The stadium has multicolored seating, a brightly lit soccer stadium, and a full track surrounding it. The stadium is surrounded by bike paths and walkways, contributing to the communal feel of this piece. Architectural critics and magazines compliment the stadium's understanding of functionality with its unique use of materials and lighting as well as Yansong's message with grassy mounds perfectly blending the modern stadium into the landscape.

The facilities for this stadium are substantial, meant to provide large crowds with convenience and luxury. The facilities include:
- Seating: 30,000 seats arranged in undulating tiers, colored in green and white to mirror the surrounding landscape.

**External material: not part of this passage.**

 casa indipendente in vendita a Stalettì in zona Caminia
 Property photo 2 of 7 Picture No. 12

- Underground amenities: Parking for 3,000 vehicles, retail spaces, and training facilities.
- Accessibility: Ramps, elevators, and wheelchair-accessible seating.

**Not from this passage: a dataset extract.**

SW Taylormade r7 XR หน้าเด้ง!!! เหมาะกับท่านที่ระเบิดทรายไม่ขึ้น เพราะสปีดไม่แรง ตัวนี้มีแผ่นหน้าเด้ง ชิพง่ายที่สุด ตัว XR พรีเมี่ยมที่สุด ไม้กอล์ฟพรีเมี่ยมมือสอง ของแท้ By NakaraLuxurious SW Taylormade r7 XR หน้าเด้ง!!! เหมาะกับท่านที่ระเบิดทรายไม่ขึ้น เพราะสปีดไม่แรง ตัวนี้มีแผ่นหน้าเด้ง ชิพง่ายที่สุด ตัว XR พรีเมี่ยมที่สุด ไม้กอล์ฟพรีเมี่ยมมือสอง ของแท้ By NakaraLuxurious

- Technology: LED screens and integrated lighting systems embedded into the ceiling structure.
Key Features and Facilities Images

== Future Plans ==
Although the remainder of the Quzhou Sports Complex has yet to be constructed, the stadium itself was inaugurated in 2021 in a ceremony hosting the Zhejiang Province athletic competition. Of course, the stadium is just a small piece of this puzzle. Eventually, this sports park will include a 10,000-seat gymnasium, 2,000-seat natatorium, and even science museum by 2025. It is intended to become a hub of every possible athletic event, as well as a variety of other sources of entertainment. The stadium, remaining at the center, will host soccer matches and other competitions for the Chinese Provinces and possibly beyond.